● **What the exercise asks**
Find the "Mapa Švihov" line in the records below and repeat it and every later line exactly, up to the last; do not include pictures.

Items from a dataset:
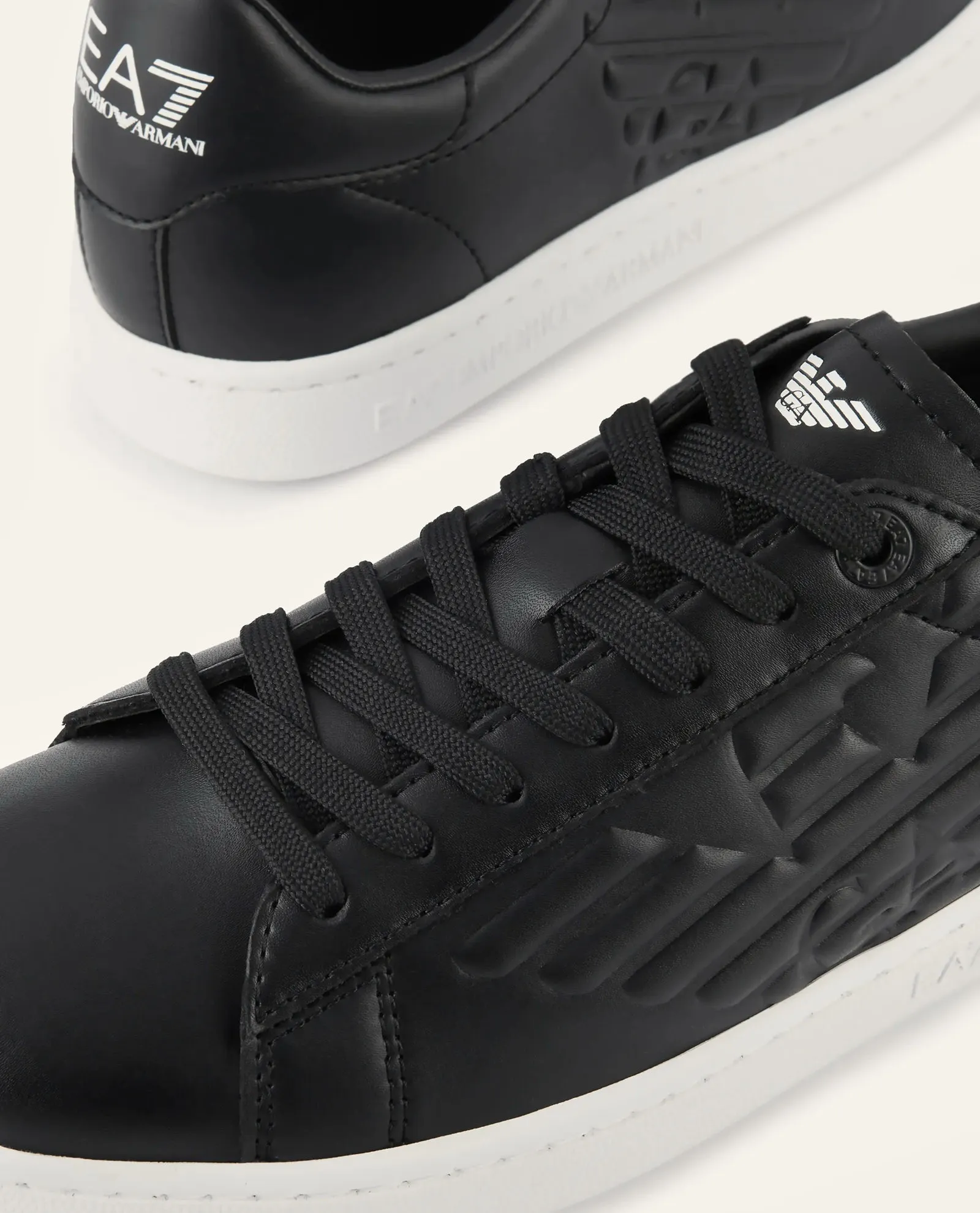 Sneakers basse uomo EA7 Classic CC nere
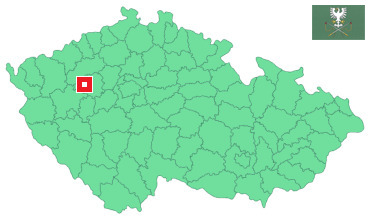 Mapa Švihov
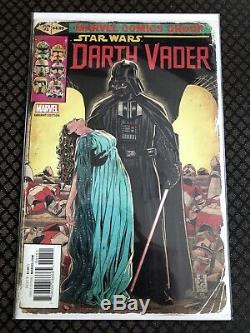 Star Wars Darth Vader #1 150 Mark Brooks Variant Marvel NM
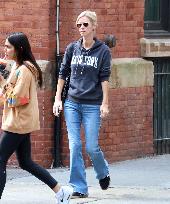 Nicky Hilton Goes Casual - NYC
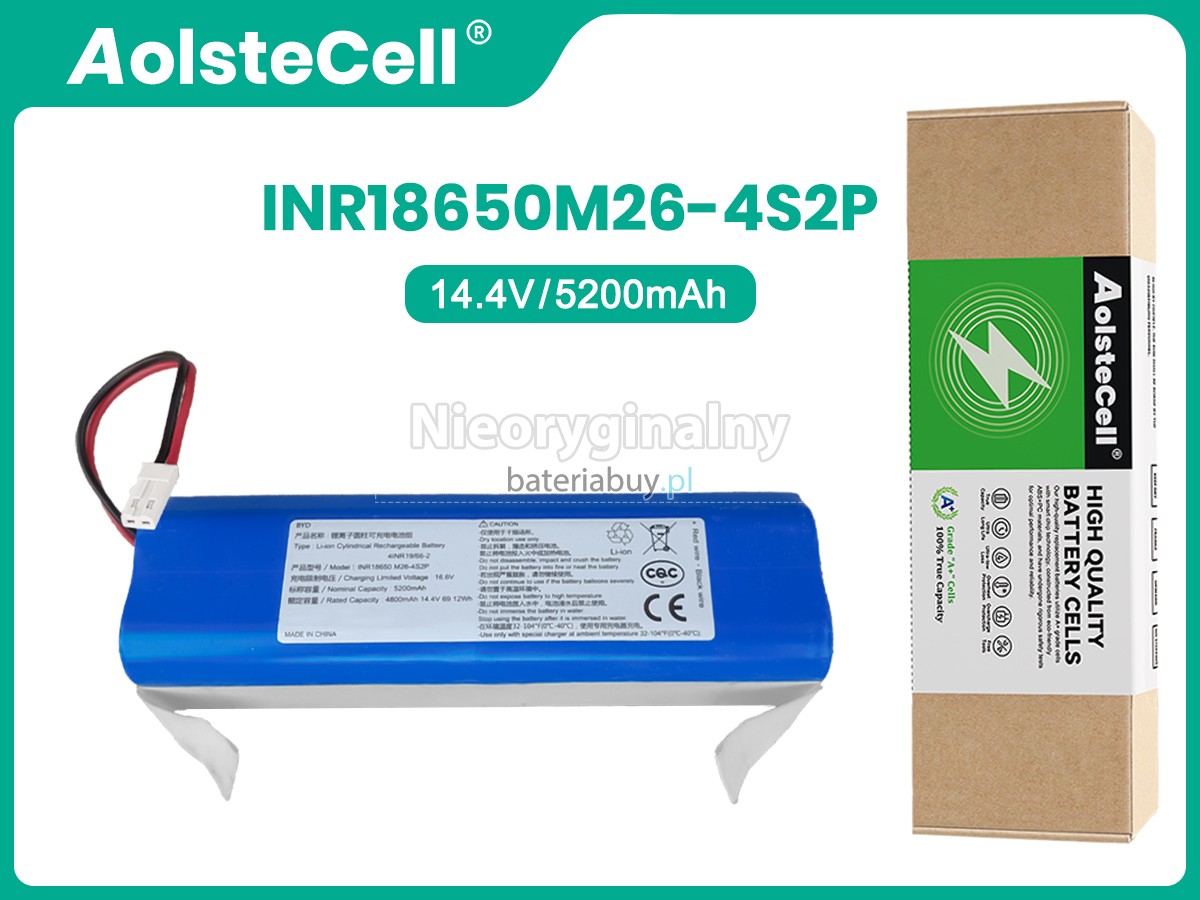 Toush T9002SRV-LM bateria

● **Written solution**
 Mapa Švihov
 Star Wars Darth Vader #1 150 Mark Brooks Variant Marvel NM
 Nicky Hilton Goes Casual - NYC
 Toush T9002SRV-LM bateria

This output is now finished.